Do I need to live in the town I want to work for? Every time I talk to someone about the civil service exam and residency, no one seems to know the answer. I live 3 miles away from the police department in the town I would like to work for. Anyone know if I will be eligible?


----------



## felony (Oct 24, 2014)

Your residency preference is determined by the town in which you reside, not the location of the police department you want to work for. Example, you live in Milton but want to work in Boston, your residency preference will be for Milton.


----------



## Clydon94 (Nov 11, 2014)

felony said:


> Your residency preference is determined by the town in which you reside, not the location of the police department you want to work for. Example, you live in Milton but want to work in Boston, your residency preference will be for Milton.

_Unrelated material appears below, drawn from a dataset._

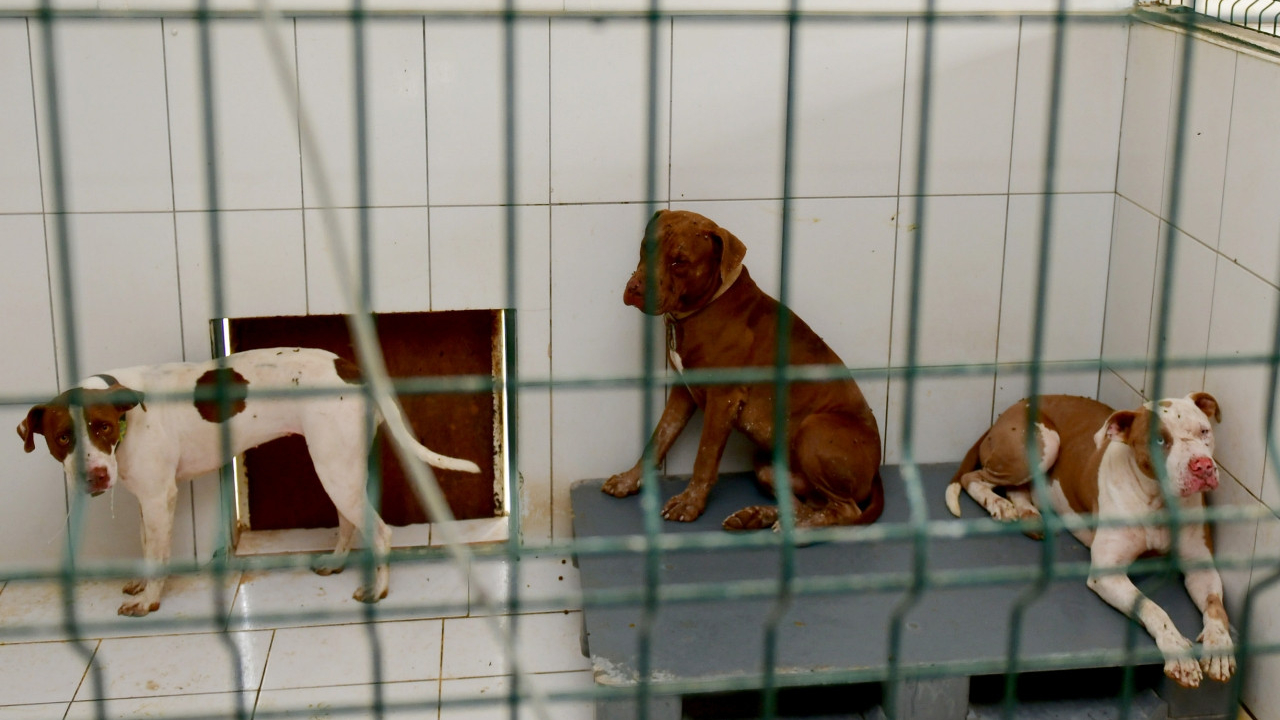 Antalya'da vahşet: Belediyenin Kedi Evi'ne giren sahipli pitbull köpekleri 12 kediyi telef etti!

C.31 section 58 confused me, because it says 10 miles of the towns perimeter.


----------



## Danusmc0321 (May 21, 2012)

That's if you get hired by the department, most places will let you live within a certain distance for civil service. But that has nothing to do with you getting a card for the town you wanna work for. You only have residency in the town you live in. The only chance you have of being hired by a civil service town that your not a resident of is if that town exhausts their list of residence and your a disabled vet.


----------



## Clydon94 (Nov 11, 2014)

Danusmc0321 said:


> That's if you get hired by the department, most places will let you live within a certain distance for civil service. But that has nothing to do with you getting a card for the town you wanna work for. You only have residency in the town you live in. The only chance you have of being hired by a civil service town that your not a resident of is if that town exhausts their list of residence and your a disabled vet.


gotta love mass


----------



## NegroRotary (Mar 27, 2005)

and you have to live in the town for at least 12 months prior the test date to get residency preference


----------